Gibt es denn kein Weihnachten bei Markus? – Sein Weihnachten ist, dass Gott kommt. „Wahrlich, dieser war Gottes Sohn!“, sagt der Hauptmann am Schluss seines Evangeliums.

Seine Advents-Türe, die aufgestossen wird, ist der Vorhang im Tempel, der mitten entzweireisst, als Christus stirbt. Es widerstrebt uns, in der Adventszeit Geschichten vom Leiden zu hören, auch wenn die Zeitungen voll davon sind, aber in dieser Zeit blenden wir sie aus. Markus beharrt eigensinnig darauf, dass gerade dadurch, durch dieses Geschehen am Kreuz, Heil geworden sei für die Menschen auf Erden. Aber es bleibt dabei: Da sind keine Hirten, die aufbrechen, kein Ochs und kein Esel. Aber eine Geschichte auf der Höhe der Zeit, die die Not nicht leugnet und die Erlösungssehnsucht der Menschen ernst nimmt.

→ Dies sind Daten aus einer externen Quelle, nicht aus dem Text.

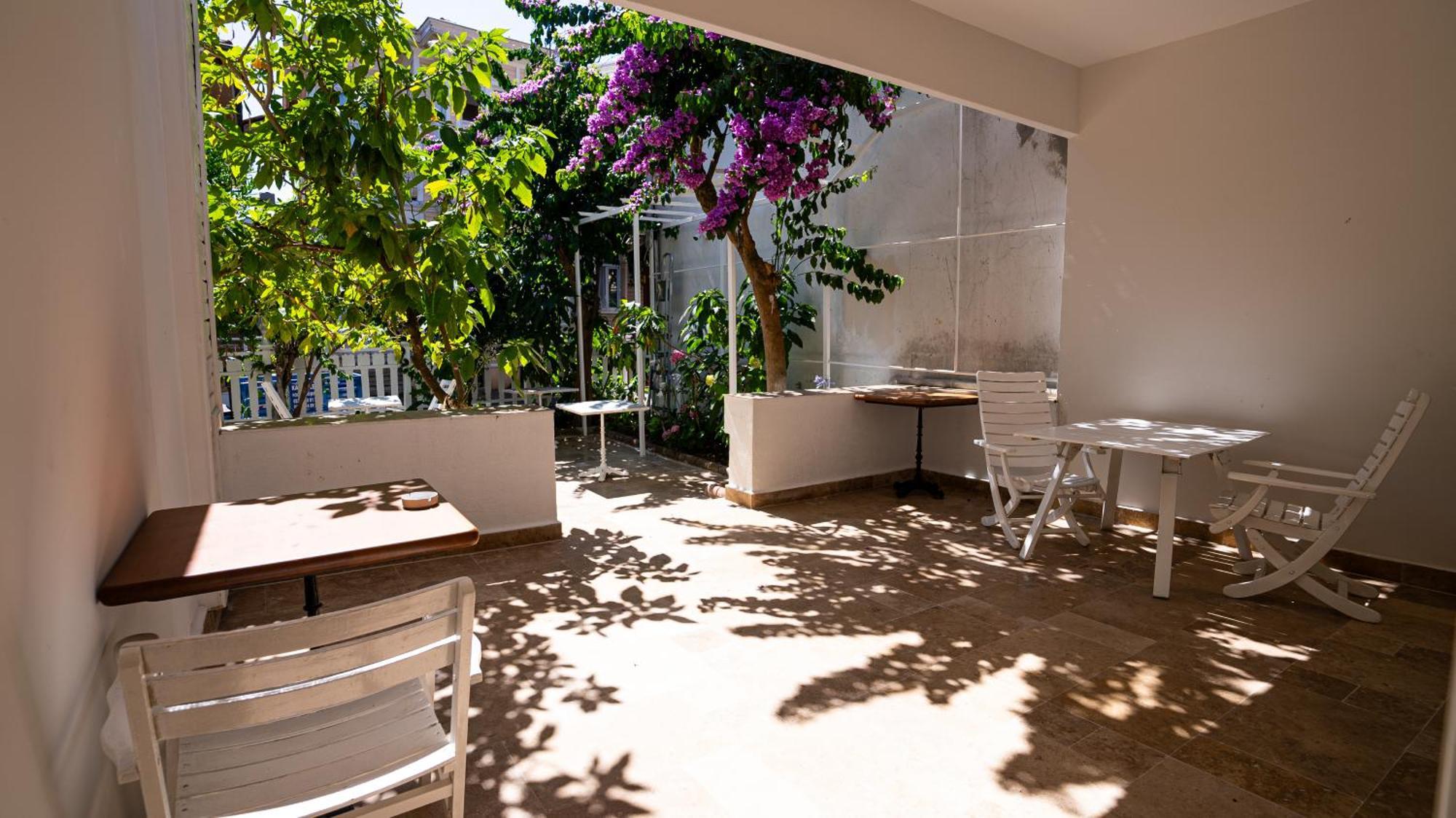 Bueyuekada Ece Apartment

Markus hat eine grosse Botschaft: Gott hört. Gott hilft. Und er kommt, auch in der Wüste. Und er zitiert den Propheten Jesaja: „Bahnt für den Herrn einen Weg durch die Wüste! Baut in der Steppe eine ebene Strasse für unseren Gott! Jedes Tal soll sich heben, jeder Berg und Hügel sich senken. Was krumm ist, soll gerade werden, und was hüglig ist, werde eben. Dann offenbart sich die Herrlichkeit des Herrn, alle Sterblichen werden sie sehen.“ (Jesaja 40,3 f und Markus 1,2).